Martin & Malcolm & America: A Dream or a Nightmare
“There was a war going on in black and white America between Martin and Malcolm. Everyone was forced to choose sides, but I could not. They were like my left and right hands, both necessary for the full expression of my humanity and for my struggle to find my voice in the black freedom movement.”

-James H. Cone

Upon picking up this book, your perceptions of Martin and Malcolm will be markedly different than when putting it down.


The book begins with providing a bedrock of their childhood experiences that predict their emotional agility and responses to suffering. These differences are more personality than dream. For the dream of Martin turned into a nightmare following his visit to the North and seeing the world through Malcolm’s eyes, and Malcolm too underwent a radical transformation in the last year of his life, recognizing the invaluable contributions of King and his leadership in the civil rights movement.

Their divergence, the Martin vs Malcolm portrayal, is a myth for the masses to “choose a side”, when at the heart of their philosophies was the freedom of Black Americans suffering from systemic injustices.

The most moving piece of this book was towards the end, when Malcolm, publicly spoke against Martin, and then later told his wife that appearing publicly against him would be more helpful for King. “He thought it would be easier for me in the long run."

I so loved the analysis of them being corrective personalities to one another that served to consolidate the unity message etched between the lines of the book. Malcolm’s weaknesses were Martin’s strengths, and vice versa. Martin was a pundit at articulating the racist structure embedded in America's consciousness that he managed to playfully and forcefully put into words that would resonate with the African Americans in the North. The “Canaan” of America was no safe haven, it was a crystal palace swallowing mass poverty, police brutality, and squalor. It was as King famously described a “lonely island” in the midst of a “vast ocean of material prosperity.”


The greatest division that persisted between the two was on nonviolence and self-defense.

Martin King’s philosophy of meeting violence with nonviolence, in order to later win them over with love, is in theory the prophetic way to live, but in practice, it lulls the natural responses of men under attack.  For Malcolm, it was the human response to be angry, and for what happened to Black people in America, he let the world know he was the angriest. To a careless observer, Malcolm’s anger was a pathology, but upon second glance, and as I sifted through the pages of this book, I could not help but question Martin more than I did Malcolm. Martin’s belief in a redemptive love (agape) makes you ponder the deep commitment he had to his faith, and how it served to elevate him above any retaliatory or baser emotions. For Malcolm, the human experience served as the anchor to his faith. The anger he harbored put him on the less-trodden path to justice. Self-defense was part and parcel of his Islamic faith. These differences, however wavering they were, remained the same.

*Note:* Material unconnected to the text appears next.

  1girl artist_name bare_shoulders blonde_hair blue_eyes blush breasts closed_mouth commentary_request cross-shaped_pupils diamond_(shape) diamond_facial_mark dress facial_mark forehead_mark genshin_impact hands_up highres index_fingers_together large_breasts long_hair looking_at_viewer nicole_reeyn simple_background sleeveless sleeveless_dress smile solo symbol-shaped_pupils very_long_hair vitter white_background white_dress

The only thing missing in this book from the perspective of a Muslim reader was a greater background on Malcolm’s faith. His previous attachment to the Nation of Islam was painted as a tool to heal the Black communities from the systemic downstream effects they were facing including drug addiction, crime, etc. But I found an absence of the theoretical views that moved Malcolm. The reason for his sudden awakening to Orthodox Islam was aptly described as due to seeing without the mental confines of the Nation. However, no theological grounding for the push was described.

As a contrast to Martin's commitment to nonviolence and redemptive love due to the claim of Jesus’ suffering on the cross, Malcolm’s beliefs are rooted in an omnipotent God who forgives and punishes whom he wills. He is a separate entity who intervenes in the world but needs not to incur suffering on himself in order to achieve redemption of humankind. Thus, the humanness of Malcolm can be accentuated rather than dimmed down to achieve a Christ-like personality.

Perhaps the truest playful difference between Martin and Malcolm was described by Cone:

“From Martin’s theology of love emerged his absolute adherence to nonviolence, and from Malcolm’s theology of justice emerged his absolute commitment to self-defense.”